The wallet then publishes a signed copy of the transaction to the entire internet. The balance in my wallet immediately goes down by the equivalent of $20 in Bitcoin, and the balance in yours goes up by the same amount. Out on the Bitcoin network, our transaction gets bundled into a block with other transactions. This block is tied shut with a cryptographic puzzle, which specialized computers called Miners compete to solve. Whichever computer solves it first is entitled to claim any processing fees that were included in the block, along with a block reward of some Bitcoins, this is actually how new Bitcoins are introduced to the world.
The Miner publishes the soft block and it becomes part of the public ledger known as the blockchain.
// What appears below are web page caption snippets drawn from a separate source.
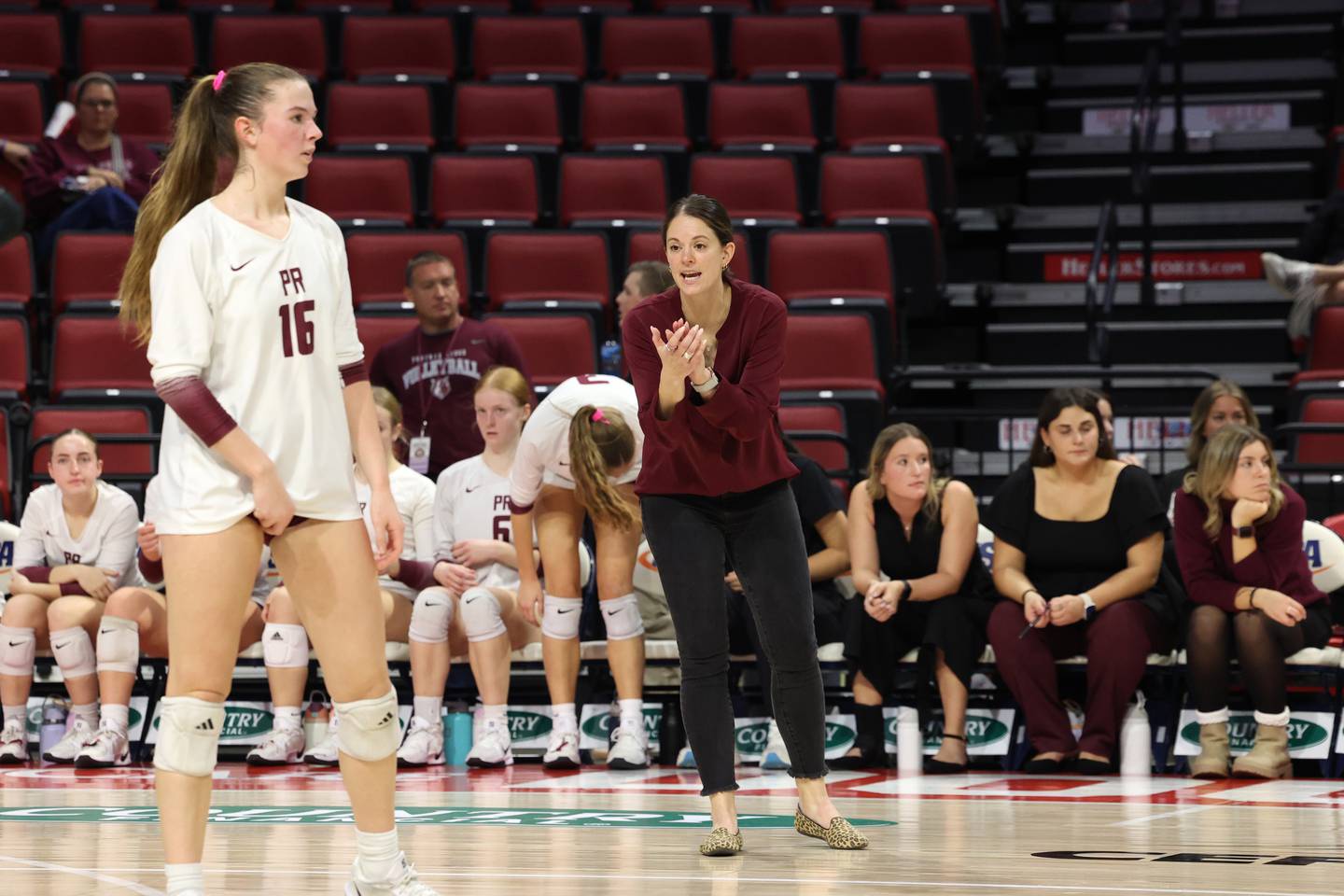 Prairie Ridge head coach Leah Groat encourages her team during the Wolves' loss in two sets, 25-20, 25-28, in the IHSA Class 3A State semifinals on Friday, Nov. 14, 2025.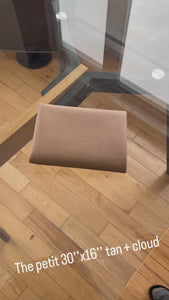a video showing the tan and gray desk mat 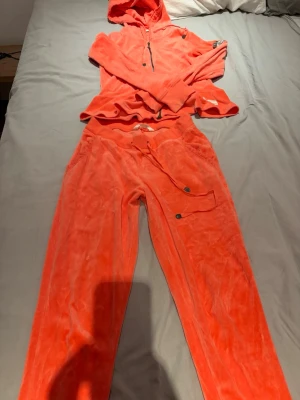 Korallfärgad mysdress från Odd Molly - Mysigt loungewear-set i korallfärg från Odd Molly. Setet består av en hoodie med dragkedja och fickor samt matchande byxor med dragsko och fickdetaljer. Perfekt för chill dagar hemma. Supersöt!!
This block solving process takes about 10 minutes. But we’re still not done, your wallet shows that you’ve been paid $10 in Bitcoin but it’s not spendable yet. You see, several Miners might have solved a block at essentially the same time and they’re all competing to have their block be the next official one in the blockchain. The passage of time solves these conflicts. Without getting into the details, every additional block that gets solved confirms which ones should have come before, so it’s best to wait for confirmation of a few more blocks after the one containing your transaction, before treating the money as irreversible and spendable.
This all happens in about an hour. Now at first you might think that’s a lot slower than credit card transactions which seem to only take a few seconds. But in reality, credit card settlements can take days and can be disputed for weeks or months. They only seem to be fast because the credit card company is guaranteeing the transaction in exchange for some pretty high fees. The same is true for checks, which take a few days to be cleared by the bank. By comparison, 60 minutes isn’t so long.
Earlier I said that Bitcoin works without a central authority between the sender and the recipient. What’s replaced it is this worldwide network of Miners where no one person is powerful enough to disrupt the entire network. Now it’s not a foolproof system, but so far, it’s proven remarkably resilient. I skimmed over a lot of details on how Bitcoin works. Really explaining it fully requires sophisticated references to computer networking, automated conflict settlement, cryptography and a host of other specialties.
Fortunately, the source material is all easy to find. First and foremost is the original Bitcoin paper, available at bitcoin.org/bitcoin.pdf. For further less technical information, there’s lots to explore on the rest of the Bitcoin Foundation’s site at bitcoin.org.